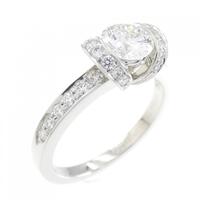 ティファニー リボン リング 0.60CT H VVS1 EXT
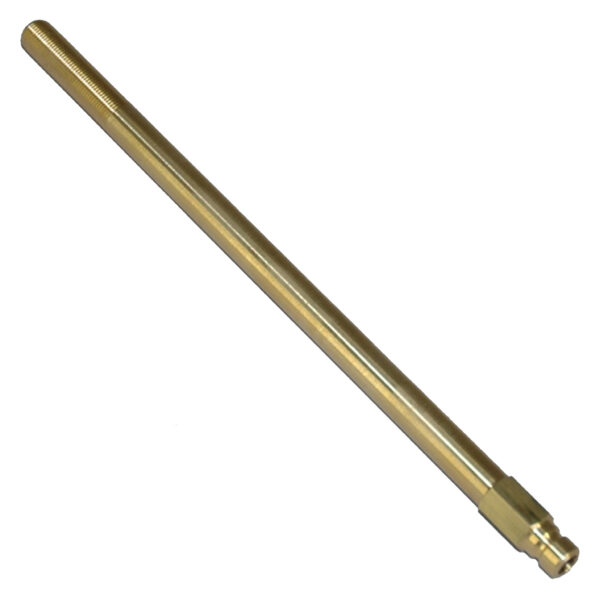 Plug, Water Extension, 200 Series, 1/4" Passage, 8.5" Length, 1/8" NPT, Brass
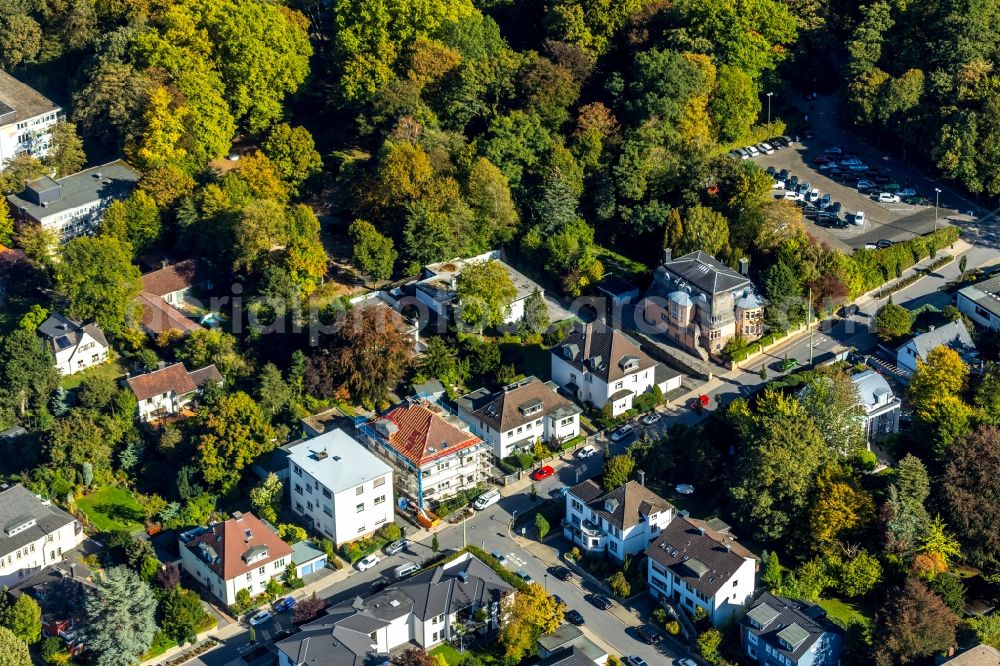 Aerial photograph Hagen - Settlement along the Christian-Rohlfs-Strasse in Hagen in the state North Rhine-Westphalia, Germany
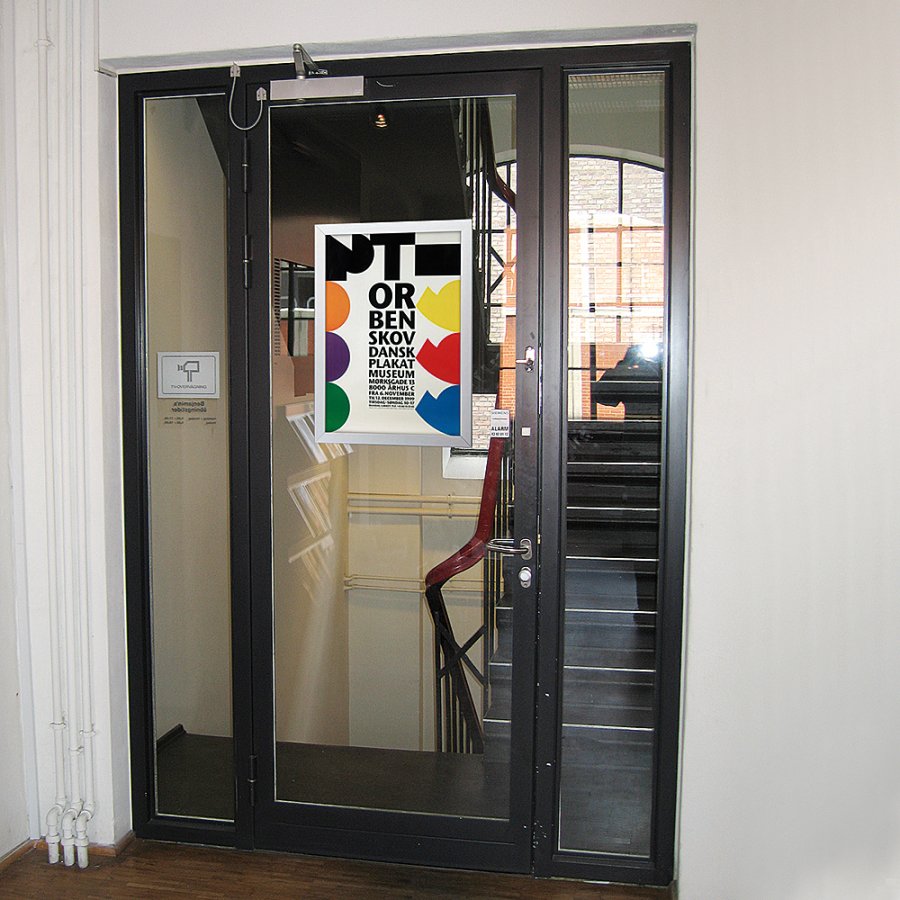 Window Frame, double sided, 32 mm, 70 x 100, alu/silver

> [Your goal]
Write out every line above exactly as it is, leaving out the pictures.

> [Solved problem]
 ティファニー リボン リング 0.60CT H VVS1 EXT
 Plug, Water Extension, 200 Series, 1/4" Passage, 8.5" Length, 1/8" NPT, Brass
 Aerial photograph Hagen - Settlement along the Christian-Rohlfs-Strasse in Hagen in the state North Rhine-Westphalia, Germany
 Window Frame, double sided, 32 mm, 70 x 100, alu/silver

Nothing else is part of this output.